Ground state properties and excitation spectrum of a two dimensional gas of bosonic dipoles

TL;DR

This study uses quantum Monte Carlo methods to analyze the ground state and excitation spectrum of two-dimensional dipolar Bose gases, highlighting the effects of anisotropy and polarization angle on their properties at various densities.

Contribution

It provides the first detailed quantum Monte Carlo analysis of anisotropic effects in 2D dipolar Bose gases across a range of densities and compares excitation spectrum approximations.

Findings

Anisotropy effects on energy scale with the gas parameter at low densities.

Feynman and Bogoliubov approximations agree at low densities but diverge at higher densities.

Anisotropy significantly influences the excitation spectrum at large densities.

Abstract

We present a quantum Monte Carlo study of two-dimensional dipolar Bose gases in the limit of zero temperature. The analysis is mainly focused on the anisotropy effects induced in the homogeneous gas when the polarization angle with respect to the plane is changed. We restrict our study to the regime where the dipolar interaction is strictly repulsive, although the strength of the pair repulsion depends on the vector interparticle distance.

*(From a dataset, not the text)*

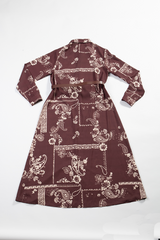 Midi Dress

Our results show that the effect of the anisotropy in the energy per particle scales with the gas parameter at low densities as expected, and that this scaling is preserved for all polarization angles even at the largest densities considered here. We also evaluate the excitation spectrum of the dipolar Bose gas in the context of the Feynman approximation and compare the results obtained with the Bogoliubov ones. As expected, we find that these two approximations agree at very low densities, while they start to deviate from each other as the density increases. For the largest densities studied, we observe a significant influence of the anisotropy of the dipole-dipole interaction in the excitation spectrum.